DATA ▸
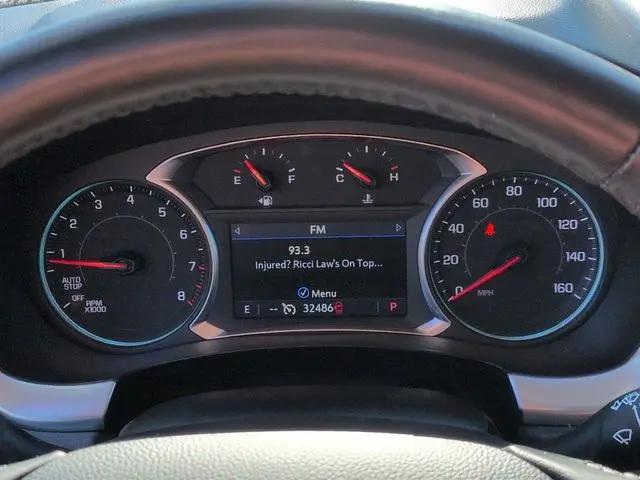 2021 Chevrolet Traverse FWD LT Leather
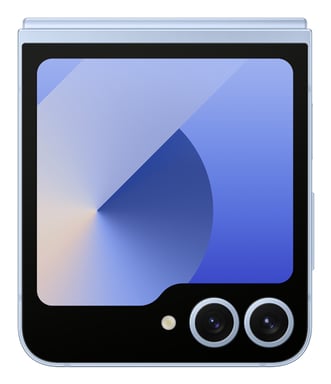 Galaxy Z Flip6 (5G), 256 GB, Azul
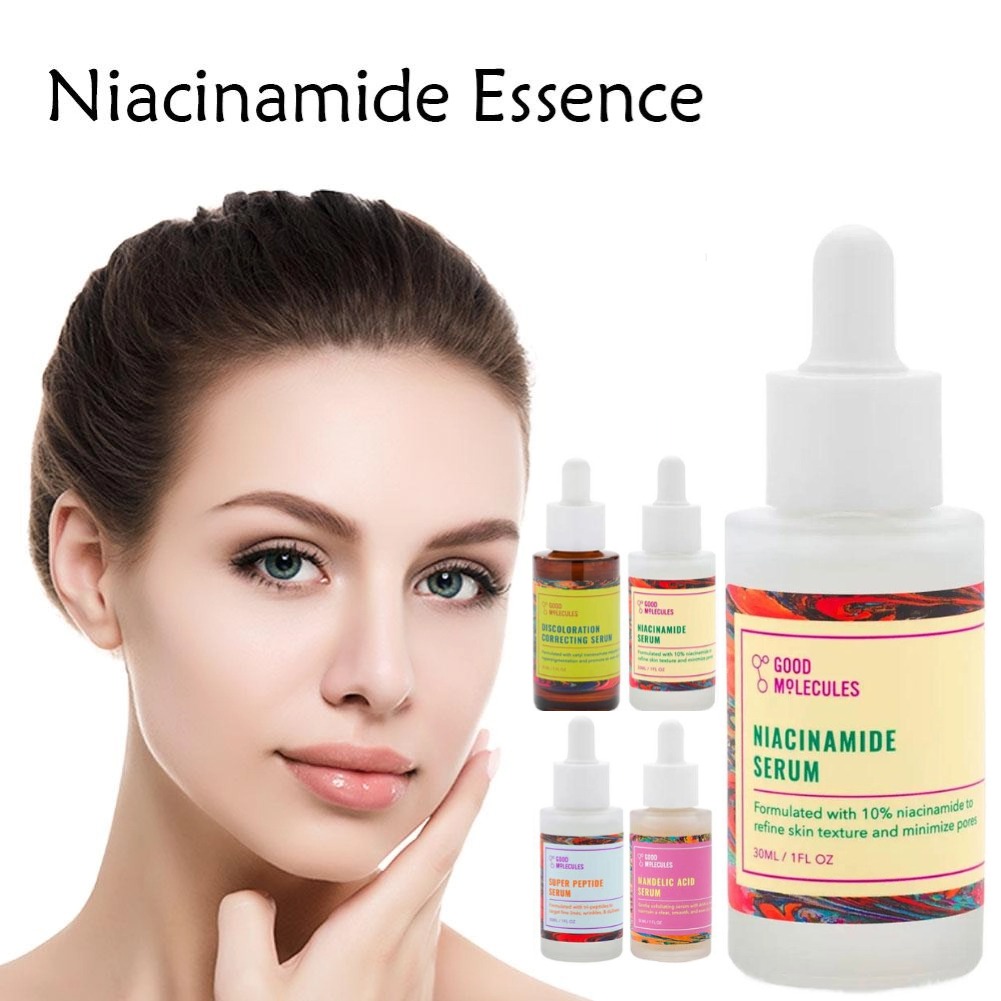 Good Molecules Discoloration C – Niacinamide Brightening Serum recenzja i cena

BRIEF ▸
Please output every line of the listing as it stands, and omit its images.

SOLUTION FOR THIS TASK ▸
 2021 Chevrolet Traverse FWD LT Leather
 Galaxy Z Flip6 (5G), 256 GB, Azul
 Good Molecules Discoloration C – Niacinamide Brightening Serum recenzja i cena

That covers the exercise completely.